Notice that there's a <b> tag opening right before the image, and closes AFTER a <p> tag towards the end. This is not valid as <b> is not a block level element. The browser handles this fine though.

D'oh! Obviously I didn't look carefully enough. Thanks.

@dreamer2908

Well, it's taken all day and it was more difficult than I expected, but WebToEpub now handles that nasty little stress test you wrote

  • without giving any error messages and
  • producing output that epubcheck is happy with.

Seriously, thanks very much for writing it.

Updated code is on the Advanced Options branch if you want to take it for a test drive. Points to note.

  • epubcheck didn't like <s> tags.
  • inline tags that are in the wrong place are deleted.

dteviot avatar Jul 31 '16 04:07 dteviot

@dreamer2908

producing output that epubcheck is happy with.

I told a lie. epubcheck doesn't like the filenames generated for some of the images.
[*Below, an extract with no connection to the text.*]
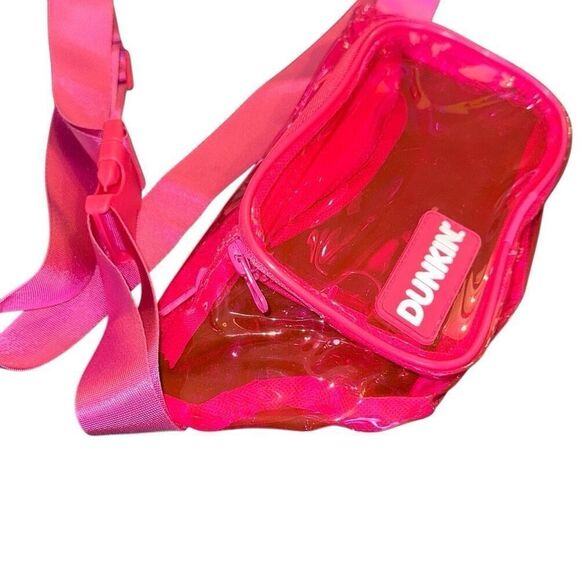 Dunkin’ Donuts pink clear  fun Fanny Pack Cross Body Waist Bag zipper adjustable - Picture 3 of 7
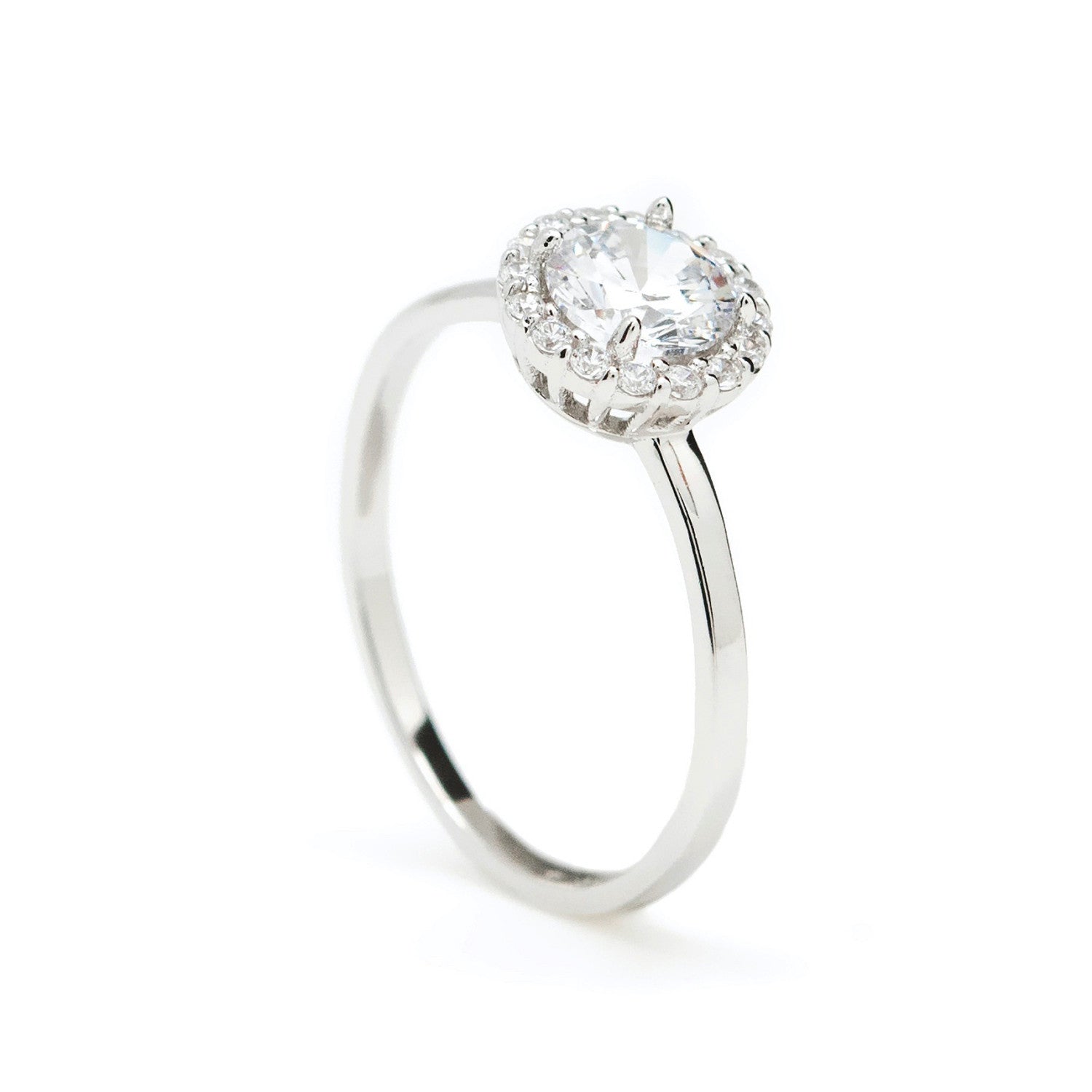 Anillos de compromiso de plata  diseño central de cuarzo adamantino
dteviot avatar Jul 31 '16 04:07 dteviot

@dreamer2908

And NOW it's fixed.

dteviot avatar Jul 31 '16 05:07 dteviot

@dteviot

Yep, it works well now.

On the other hand, I've just made the stress test slightly nastier. Just slightly. :mischievous_face:

dreamer2908 avatar Jul 31 '16 13:07 dreamer2908

@dreamer2908

On the other hand, I've just made the stress test slightly nastier. Just slightly.

OK, It looks like you've added a hyperlink into the table, so that the cleanup code now thinks the table is the “links to next book/previous book/main page” table at the end of the page which it removes. Note, the table is only being removed because it's the last (only) table on the page and has hyperlinks.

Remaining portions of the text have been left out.